C++/Java Engine without GC in graphics

bullen · November 20, 2019, 6:51am

How many triangles/bones does your character have?

Mine has 2500/38, I’m not choked on my GPU (1050Ti, I haven’t checked, how does one even check that?) but it runs pretty hot.

Are your bots instanced? If not, they probably should be.

princec · November 20, 2019, 9:04am

Yes, they’re instanced (the terrain of course is not which makes up the vast bulk of the rendering). Can’t remember how many polys there are but they’re properly optimised. I’ve only got a 960.

Cas

bullen · November 20, 2019, 2:04pm

Well, then you are comparing apples and oranges.

My characters are non-instanced: so they can look different, have different animations and be controlled by a separate player in a physical world. Try to make that in Java I can promise you wont be able to run 3000 at 60 FPS.

Instanced stuff is very hard to make interesting for game play since the position is stored in textures on the GPU and interaction with CPU code is hard. It becomes a visual treat who’s effects doesn’t last very long, just like VR.

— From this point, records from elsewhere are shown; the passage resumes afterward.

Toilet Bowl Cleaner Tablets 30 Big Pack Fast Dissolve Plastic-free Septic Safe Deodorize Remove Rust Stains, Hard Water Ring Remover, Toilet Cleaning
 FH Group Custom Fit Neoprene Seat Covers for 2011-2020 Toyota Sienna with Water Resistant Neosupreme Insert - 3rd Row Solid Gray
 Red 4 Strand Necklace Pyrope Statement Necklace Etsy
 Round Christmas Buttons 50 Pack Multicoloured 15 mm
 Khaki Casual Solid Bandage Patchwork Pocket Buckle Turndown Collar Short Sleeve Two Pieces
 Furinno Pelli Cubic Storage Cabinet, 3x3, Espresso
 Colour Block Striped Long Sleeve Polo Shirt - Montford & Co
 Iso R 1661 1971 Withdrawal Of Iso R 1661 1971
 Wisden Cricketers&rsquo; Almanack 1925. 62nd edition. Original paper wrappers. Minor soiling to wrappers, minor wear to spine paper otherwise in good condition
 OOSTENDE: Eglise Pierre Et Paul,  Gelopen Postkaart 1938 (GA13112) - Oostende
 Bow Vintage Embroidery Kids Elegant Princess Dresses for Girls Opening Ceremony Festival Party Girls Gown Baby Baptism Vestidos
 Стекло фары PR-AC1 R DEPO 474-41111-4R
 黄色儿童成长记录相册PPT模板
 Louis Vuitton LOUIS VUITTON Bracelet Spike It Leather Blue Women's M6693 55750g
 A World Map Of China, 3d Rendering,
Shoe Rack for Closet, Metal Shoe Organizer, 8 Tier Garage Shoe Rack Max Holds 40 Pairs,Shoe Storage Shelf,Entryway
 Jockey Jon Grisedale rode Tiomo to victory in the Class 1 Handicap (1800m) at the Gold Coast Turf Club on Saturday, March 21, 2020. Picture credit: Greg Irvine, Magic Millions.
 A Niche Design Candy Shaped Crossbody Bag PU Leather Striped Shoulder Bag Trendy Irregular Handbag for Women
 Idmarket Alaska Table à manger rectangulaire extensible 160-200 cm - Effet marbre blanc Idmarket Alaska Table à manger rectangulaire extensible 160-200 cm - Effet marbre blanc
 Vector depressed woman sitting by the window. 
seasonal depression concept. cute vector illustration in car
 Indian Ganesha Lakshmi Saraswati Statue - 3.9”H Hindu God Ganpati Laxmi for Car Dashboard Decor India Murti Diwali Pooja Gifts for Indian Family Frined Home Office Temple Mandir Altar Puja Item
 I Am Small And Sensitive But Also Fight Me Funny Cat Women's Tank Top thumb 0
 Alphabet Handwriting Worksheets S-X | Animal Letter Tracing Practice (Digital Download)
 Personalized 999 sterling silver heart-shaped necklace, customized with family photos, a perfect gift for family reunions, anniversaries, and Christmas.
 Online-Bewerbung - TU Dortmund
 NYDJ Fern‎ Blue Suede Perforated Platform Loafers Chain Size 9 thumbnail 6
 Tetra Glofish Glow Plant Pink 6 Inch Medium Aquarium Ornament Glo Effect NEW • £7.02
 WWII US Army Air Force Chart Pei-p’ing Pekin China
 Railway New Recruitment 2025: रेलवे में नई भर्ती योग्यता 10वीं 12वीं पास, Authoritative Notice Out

Though I guess we’ll finally see tomorrow when Valve “unveils” (whatever that means, release in 2022?) their flagship VR title.

Disclaimer: I have DK1, DK2 and Vive; so I really really hope I’m wrong.

princec · November 20, 2019, 5:33pm

But what part of it couldn’t be done in Java exactly? I’ve not generally experienced vastly slower performance in Java than C++ in straightforward compute tasks.

Cas

bullen · November 20, 2019, 5:56pm

Speed, you cannot get the matrix multiplications to perform fast enough.

So you’re wasting electricity and you cannot scale gameplay.

Look at Zelda BotW f.ex. there is never more than 10 animated characters on screen at any single point of the game, that’s because they are only pulling 5W and they are not using my Park engine!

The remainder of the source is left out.